US Dollar Index Rebounds Amid Fading Middle East Peace Hopes and Looming Inflation Data

Bullish (0.3)Impact: Medium

Published on June 9, 2026 (3 hours ago) · By Vibe Trader

The United States Dollar Index (DXY) rebounded on Tuesday, recovering from an intraday low of 99.68 to trade around 99.93, as market sentiment shifted in response to developments in the Middle East and anticipation of upcoming US inflation data [1]. Earlier optimism regarding a potential US-Iran deal was dampened after US President Donald Trump reported that Iran had shot down a US Apache helicopter over the Strait of Hormuz, stating, 'the United States must, of necessity, respond to this attack' [1]. This incident, alongside ongoing Israeli military operations in Southern Lebanon and Iran's warning that fighting could resume if Israel continued its 'aggression,' reduced hopes for a near-term peace agreement between the US and Iran [1].

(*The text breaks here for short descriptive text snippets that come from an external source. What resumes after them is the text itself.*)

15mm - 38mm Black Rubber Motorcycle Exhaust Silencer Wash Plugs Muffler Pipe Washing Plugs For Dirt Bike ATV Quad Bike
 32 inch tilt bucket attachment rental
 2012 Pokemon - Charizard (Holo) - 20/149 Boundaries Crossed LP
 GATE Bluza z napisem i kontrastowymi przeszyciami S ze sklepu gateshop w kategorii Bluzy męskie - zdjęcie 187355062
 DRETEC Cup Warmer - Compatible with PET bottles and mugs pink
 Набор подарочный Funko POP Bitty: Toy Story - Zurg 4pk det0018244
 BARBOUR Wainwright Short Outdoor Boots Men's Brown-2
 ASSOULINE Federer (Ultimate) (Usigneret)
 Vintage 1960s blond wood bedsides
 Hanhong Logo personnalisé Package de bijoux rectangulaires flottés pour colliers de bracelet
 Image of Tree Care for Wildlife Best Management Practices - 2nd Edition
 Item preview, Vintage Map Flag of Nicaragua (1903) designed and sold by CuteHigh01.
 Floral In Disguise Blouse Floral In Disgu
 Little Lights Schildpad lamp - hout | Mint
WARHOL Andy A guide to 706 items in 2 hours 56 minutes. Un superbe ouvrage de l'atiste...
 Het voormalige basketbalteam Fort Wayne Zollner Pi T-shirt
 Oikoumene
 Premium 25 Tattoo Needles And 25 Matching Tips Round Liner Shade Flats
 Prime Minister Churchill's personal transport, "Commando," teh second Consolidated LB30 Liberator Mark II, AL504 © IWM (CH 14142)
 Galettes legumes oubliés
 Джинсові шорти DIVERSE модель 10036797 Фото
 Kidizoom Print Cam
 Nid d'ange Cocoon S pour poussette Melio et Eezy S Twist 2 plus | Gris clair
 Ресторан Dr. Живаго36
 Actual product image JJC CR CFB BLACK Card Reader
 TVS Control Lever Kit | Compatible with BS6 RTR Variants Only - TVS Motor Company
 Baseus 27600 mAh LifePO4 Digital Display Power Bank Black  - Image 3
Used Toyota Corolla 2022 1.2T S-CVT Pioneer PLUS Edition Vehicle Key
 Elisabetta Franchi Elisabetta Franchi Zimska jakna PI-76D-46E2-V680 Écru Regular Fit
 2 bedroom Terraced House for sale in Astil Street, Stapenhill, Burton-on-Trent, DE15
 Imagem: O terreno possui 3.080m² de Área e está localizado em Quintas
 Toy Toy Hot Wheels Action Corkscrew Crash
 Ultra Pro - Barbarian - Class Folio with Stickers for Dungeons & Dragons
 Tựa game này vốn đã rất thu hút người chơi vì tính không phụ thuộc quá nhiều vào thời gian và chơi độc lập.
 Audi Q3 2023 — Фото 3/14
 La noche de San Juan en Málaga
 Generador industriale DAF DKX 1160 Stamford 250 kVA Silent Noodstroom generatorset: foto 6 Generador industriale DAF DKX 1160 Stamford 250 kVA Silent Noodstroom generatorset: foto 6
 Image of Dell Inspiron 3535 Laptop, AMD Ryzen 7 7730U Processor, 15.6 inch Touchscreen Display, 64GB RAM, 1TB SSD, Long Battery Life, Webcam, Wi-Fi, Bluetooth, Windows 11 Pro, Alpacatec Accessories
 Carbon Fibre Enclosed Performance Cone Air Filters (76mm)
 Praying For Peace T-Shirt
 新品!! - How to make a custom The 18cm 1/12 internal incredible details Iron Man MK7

The safe-haven demand for the US Dollar remained intact due to these geopolitical tensions, and the Greenback also found support from expectations of a hawkish Federal Reserve in the face of energy-driven inflationary pressures [1]. Market participants are now focused on the US inflation report scheduled for release on Wednesday, with economists forecasting the annual headline Consumer Price Index (CPI) to rise to 4.2% in May from 3.8% in April, and core CPI to edge up to 2.9% from 2.8% [1]. A stronger-than-expected inflation reading could reinforce expectations for a Federal Reserve rate hike before the end of the year, further supporting the USD [1].

According to the CME FedWatch Tool, markets are currently pricing in a 35% chance of a 25-basis-point rate hike in September, with the odds increasing to 40% for October and 42% for December [1]. The CPI, a key indicator of inflation and purchasing trends, is closely watched by traders, as a high reading is generally seen as bullish for the US Dollar [1].

CONCLUSION

Geopolitical tensions in the Middle East and anticipation of higher US inflation have bolstered the US Dollar Index, with markets increasingly expecting a Federal Reserve rate hike later in the year. The upcoming CPI report is likely to be a key driver for the USD's near-term direction.